I would actually compare it to ricotta.  It's very tasty. Where I live our chain grocery stores lack in anything unique.  I go to a place called The Fresh Market when I'm after something ethnic or hard to find.


----------



## ella/TO (Dec 4, 2007)

My Jewish "bubby" used to make the noodle/cottage cheese dish....ahhhh, I must try it soon!


----------



## sattie (Dec 4, 2007)

I bet I can find this at Market Street... kinda like a Whole Foods, but much more intimate.  I will try and keep my eye out for it because this dish just seems to easy to pass up without giving it a try.

Thanks for posting it!


----------



## In the Kitchen (Dec 5, 2007)

*Gone*

Farmer's Cheese must be very popular or otherwise everyone around here is making this recipe.  The stores I asked if they had it were gone except for third one who had only 1/2 lb. left.  Hope this is enough and never knew I would have hard time trying to locate it.  Well, it is in the fridge and will try this evening.  amy, can you believe what you started?  Keep remembering, you got us all interested!  Oh, and thanks for sharing.  Your grandma would be proud.


----------



## justplainbill (Dec 5, 2007)

Farmers cheese also makes a great filling for blintzes.  It's faintly sweet so some might prefer pot cheese on their buttered broad noodles.


----------



## *amy* (Dec 5, 2007)

sattie said:


> I bet I can find this at Market Street... kinda like a Whole Foods, but much more intimate.

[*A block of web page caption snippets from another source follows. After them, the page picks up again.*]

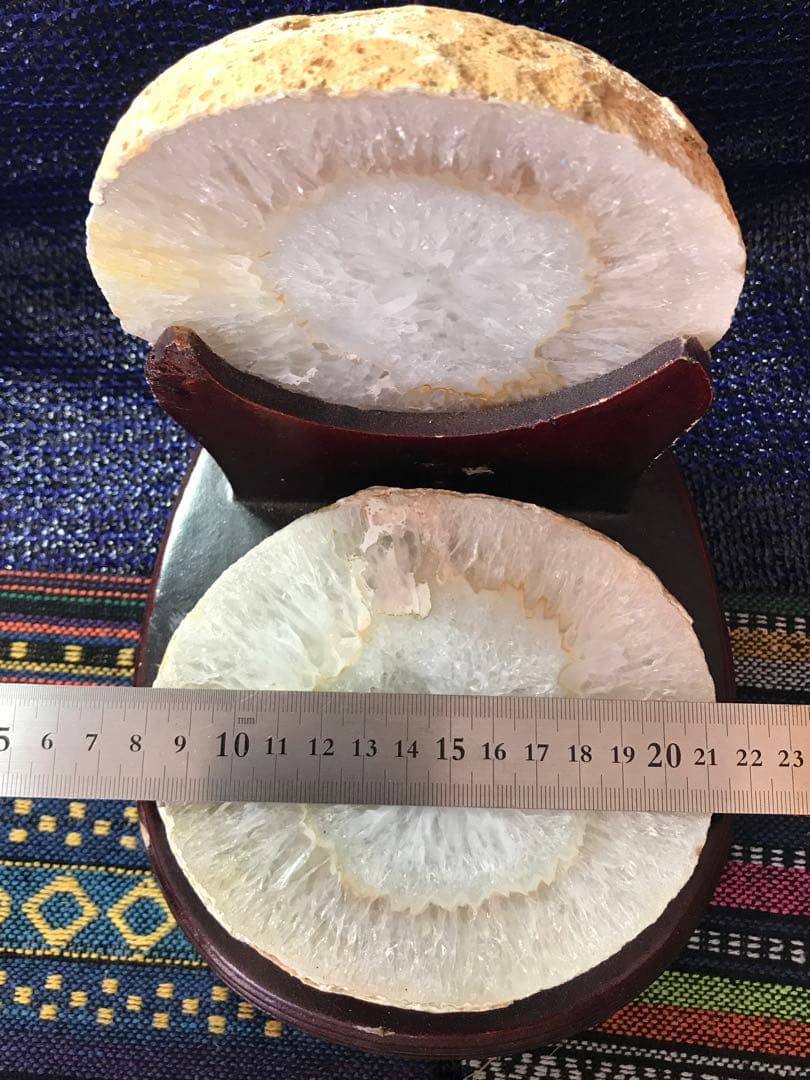 ◉約3.3kg【ブラジル産/水晶/台付き磨き原石】[8-14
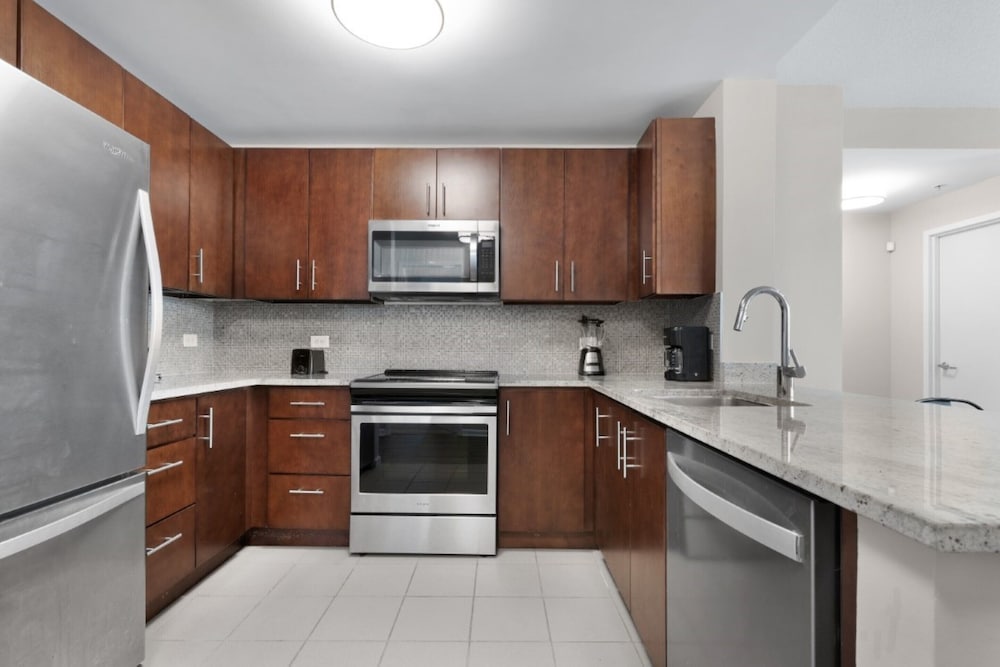Global Luxury Suites Downtown Jersey City 62/71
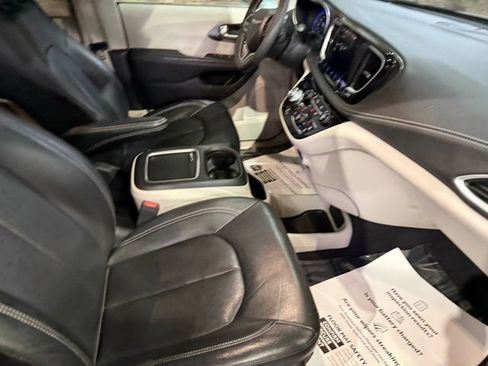 Used 2022 Chrysler Pacifica Touring-L image 25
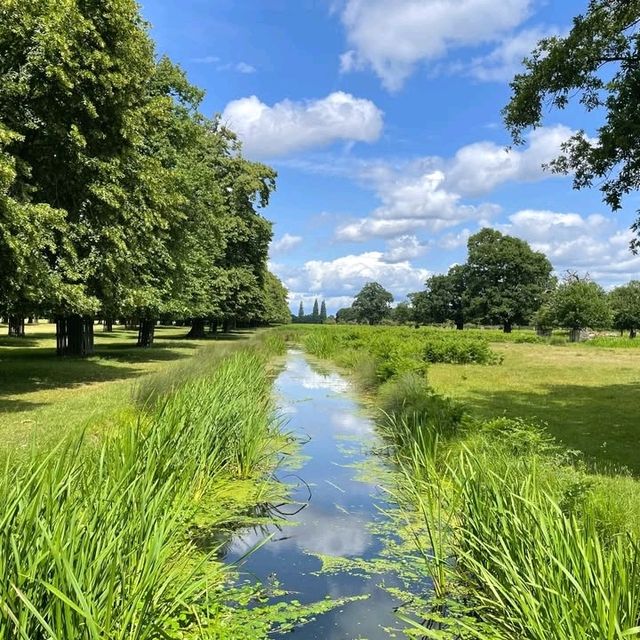 Wollaton Hall and Deer Park is a place you want to visit if you are visiting Nottingham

I will try and keep my eye out for it because this dish just seems to easy to pass up without giving it a try.
> 
> Thanks for posting it!


 
Your welcome Sattie. Hope you like it as much as I do. Will have to look for Pot cheese as well. I just bought some more broad egg noodles (& cottage cheese for now).


----------



## *amy* (Dec 5, 2007)

In the Kitchen said:


> Farmer's Cheese must be very popular or otherwise everyone around here is making this recipe. The stores I asked if they had it were gone except for third one who had only 1/2 lb. left. Hope this is enough and never knew I would have hard time trying to locate it. Well, it is in the fridge and will try this evening. amy, can you believe what you started? Keep remembering, you got us all interested! Oh, and thanks for sharing. Your grandma would be proud.


 
 Who knew?! Aw, Bless your heart, ITK, for going to three stores. Hope you like the dish. Never knew so many others made it as well. Maybe it's an Eastern European secret?  (It can be a tad bland, so I use a little bit more salt than I usually use - & I'm not a big salt fan.)  Hope that helps.


----------



## *amy* (Dec 5, 2007)

justplainbill said:


> Farmers cheese also makes a great filling for blintzes. It's faintly sweet so some might prefer pot cheese on their buttered broad noodles.


 
Your making me hungry. 

Blintz


----------



## CharlieD (Dec 5, 2007)

Now if are going to talk about blintzes for you should go to a Russian store for the farmers cheese. They sell this absolutely amassing farmers cheese, called Tvorog in Russian. It is sweet, I mean really sweet, there are some varieties, like raisin, or chocolate. It is to die for. Strongly recommend to check it out if you want to make blintzes. It is good by it self too, or on a roll with a cup of tea. Kids especially like it. 
Disclaimer: I would not use for the dish mentioned above.
However there is sweet noodle kugel you can make with it, yum.


----------



## In the Kitchen (Dec 5, 2007)

CharlieD said:


> Now if are going to talk about blintzes for you should go to a Russian store for the farmers cheese. They sell this absolutely amassing farmers cheese, called Tvorog in Russian. It is sweet, I mean really sweet, there are some varieties, like raisin, or chocolate. It is to die for. Strongly recommend to check it out if you want to make blintzes. It is good by it self too, or on a roll with a cup of tea. Kids especially like it.
> Disclaimer: I would not use for the dish mentioned above.
> However there is sweet noodle kugel you can make with it, yum.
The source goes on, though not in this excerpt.